The phenomenon of self-assembly is not unknown in nature. Some easily recognizable examples of self-assembly range from snowflakes to seashells to sand dunes, all of which form some type of regular or ordered patterns in response to specific external conditions. Self-assembling block copolymers behave in much the same way, but producing repeating patterns at nanometer scale dimensions.
Block copolymers are made up of blocks of different polymerized monomers. For example, PS-b-PMMA is short for polystyrene-b-poly(methyl methacrylate) and is made by first polymerizing styrene, and then subsequently polymerizing MMA. This polymer is a “diblock copolymer” because it contains two different chemical blocks. Triblocks, tetrablocks, pentablocks, etc., can also be made. Diblock copolymers are made using “living polymerization” techniques, such as atom transfer free radical polymerization (ATRP), reversible addition fragmentation chain transfer (RAFT), living cationic or living anionic polymerizations. Block copolymers are especially interesting in the present context because of their ability to “microphase separate” to form periodic nanostructures under the right thermodynamic conditions.
FIG. 1A is a plan view of a prior art structure 100 including a regular, patterned planar array of nanometer-scale vertical columns 104 of a first polymer formed within and surrounded on all sides by a planar layer of a second polymer 102. This regular patterned array is formed by self-assembly of a diblock copolymer comprising a mixture of the first and second copolymers, in this case polystyrene (columns 104) and PMMA (surrounding field 102).

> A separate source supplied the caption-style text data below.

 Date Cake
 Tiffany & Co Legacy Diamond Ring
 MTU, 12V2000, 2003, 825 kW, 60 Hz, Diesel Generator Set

FIG. 1B is a cross-sectional view of the prior art structure 100 described above with respect to FIG. 1A. The regular, patterned array of structures comprising nanometer-scale vertical polystyrene columns 104 and the surrounding planar field of PMMA 102 are formed on a surface of a substrate material 106. This substrate 106 can be a semiconductor wafer in process, an optical material or a magnetic media material.
Despite the usefulness of block copolymers for forming nanostructures on semiconductor wafers, they have not been shown to be particularly useful for present for patterning CMOS devices. Generally speaking, CMOS technology requires precise placement and registration of individual structural units in order to successfully form metal lines and vias in the wiring layers. The large, ordered arrays of nanometer-scale structures formed by self-assembling block copolymers may be regular, but their spatial frequency is dependent upon copolymer composition and for all practical purposes, their spatial “phase” is not predictable. As a result, the patterns produced by these self-assembling block copolymers lack the precise and predictable alignment and registration required to produce structures useful for lines and vias in CMOS technology.